Erikoussa ist die nördlichste der diaponischen Inseln im Ionischen Meer, nur 25 km, also knapp eine Stunde von der Nordwestküste Korfus entfernt. Das etwa 2 x2 km kleine Eiland wird im Sommer gern als Ziel für einen Tagesauflug von italienischen Seglern genutzt. Die Strände sind lang, das Wasser glasklar. Erika wächst überall und hat der Insel ihren Namen gegeben. Mittlerweile verfügt Erikoussa auch über ein paar Hotels, die im Sommer geöffnet sind.
Im Winter herrscht Ruhe in dem abgeschiedenen Kleinod. Knapp 60 Einwohner leben noch dort, es gibt eine Grundschule mit 4 Kindern, einen Polizisten, einen kleinen Laden.
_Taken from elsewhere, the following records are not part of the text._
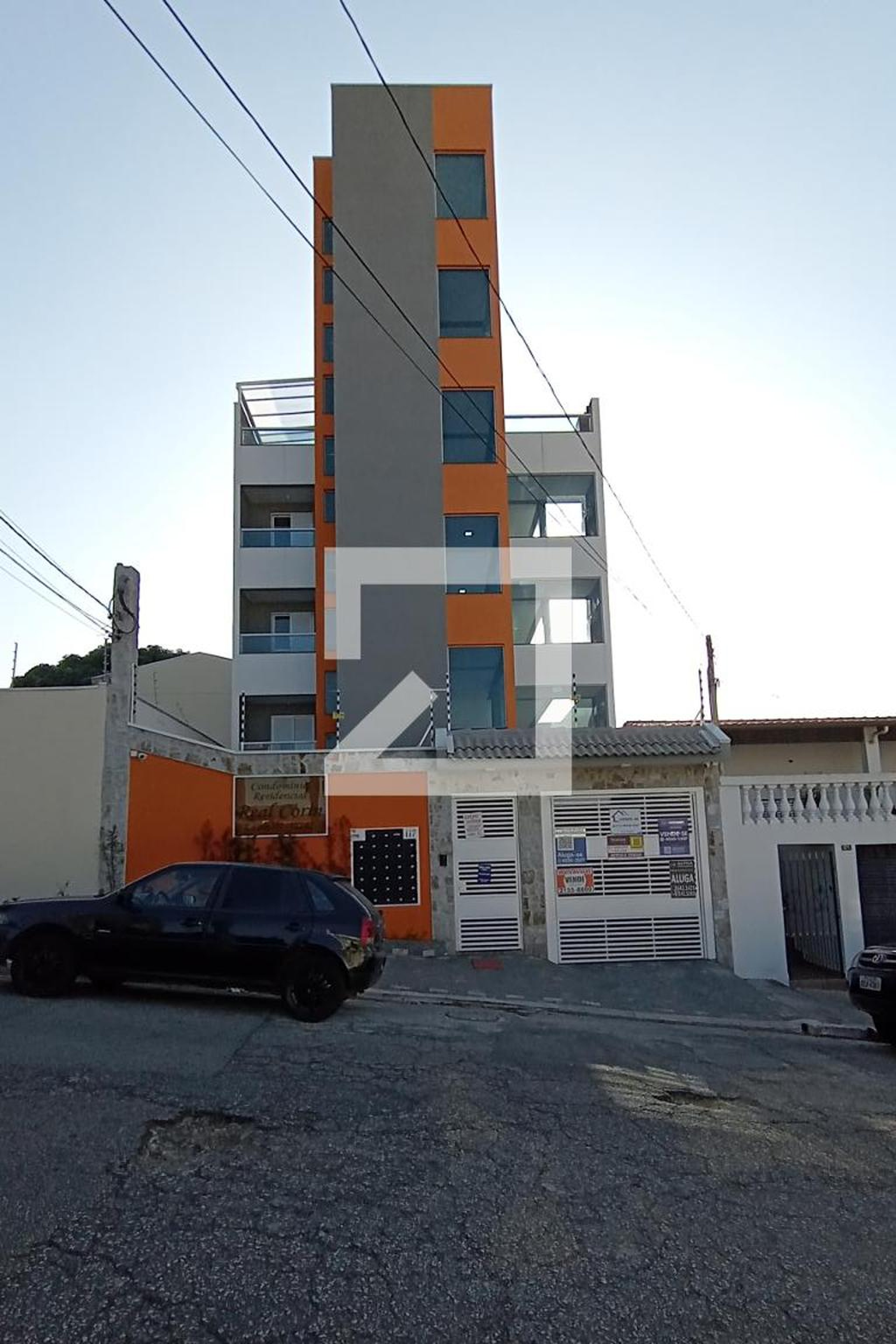 Fachada do Condomínio Residencial Corin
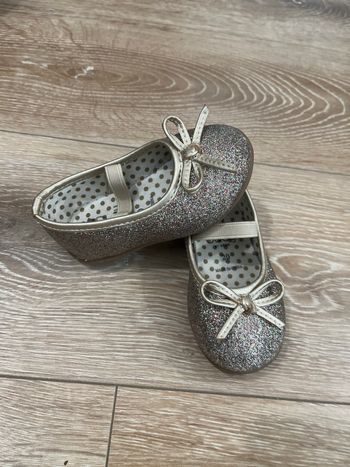 Ballerine dorées taille 20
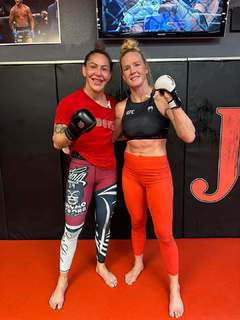Cris Cyborg feet photo thumbnail
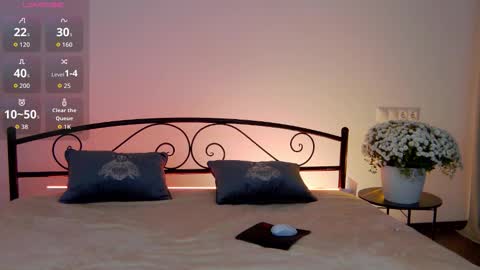 Emi online show from November 1, 9:19 pm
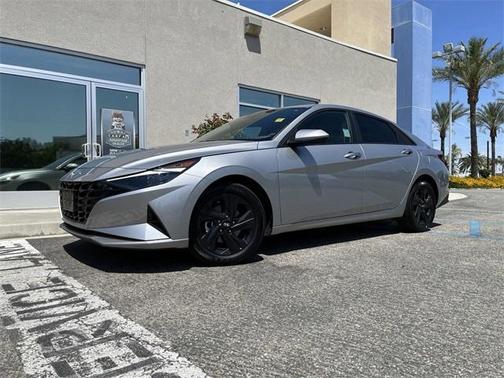 Photo 2 of 12 of 2021 Hyundai Elantra SEL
Benzin, Medikamente und Lebensmittel werden – wenn das Wetter es zulässt- per Schiff geliefert. Die meisten der ehemaligen Einwohner sind mittlerweile asusgewandert – hauptsächlich in die USA.
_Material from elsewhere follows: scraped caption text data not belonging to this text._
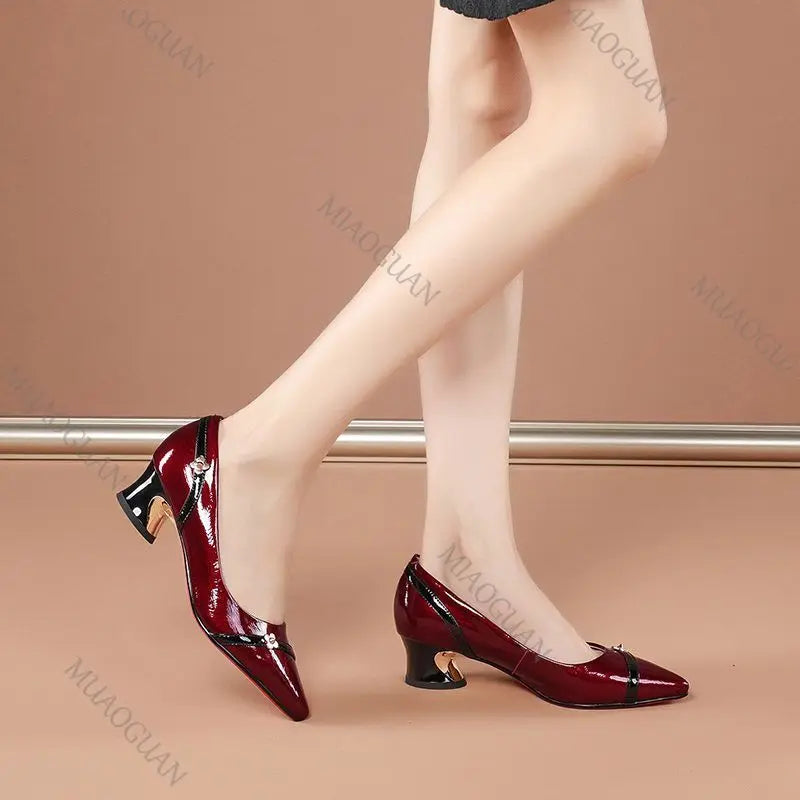Zapatos de tacón medio grueso de cuero suave para primavera y otoño para mujer, zapatos profesionales con punta estrecha y boca poco profunda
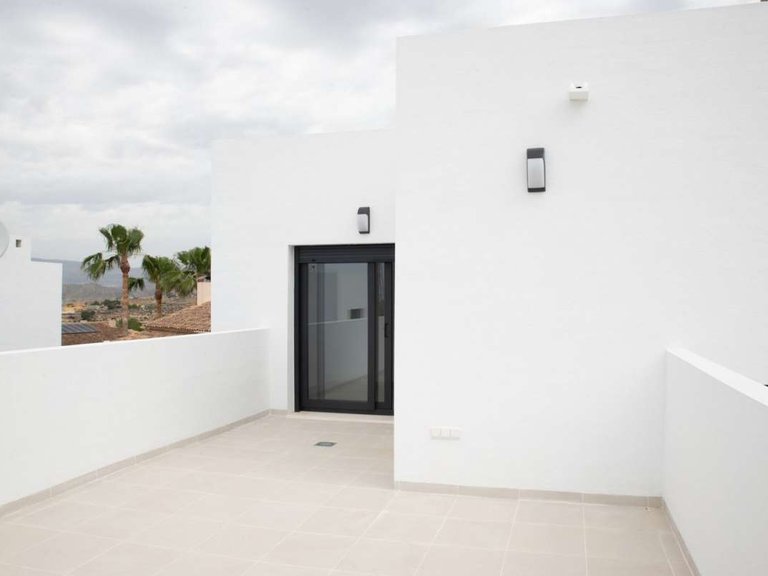 Villa for Sale in Busot, Alicante 11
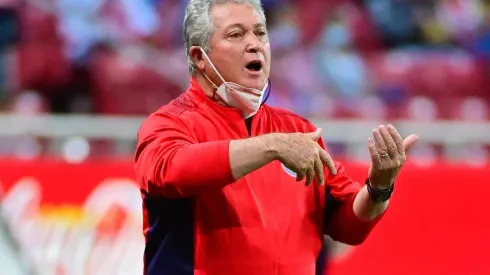 OFICIAL: Chivas despide a Vucetich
Ende diesen Monats wird jedoch etwas mehr los sein als sonst. Am 26. Juni erhält Erikoussa nämlich den Raoul Wallenberg Award(1) für beispiellose Solidarität ihrer Einwohner gegenüber einer jüdischen Familie während der düsteren Jahre der deutschen Besatzung. Gleichzeitig wird ein jüdischer Verein aus New York die Insel für ihren Mut und ihre moralische Stärke ehren.
Was ist die Geschichte, die sich hinter dieser unscheinbaren Insel verbirgt?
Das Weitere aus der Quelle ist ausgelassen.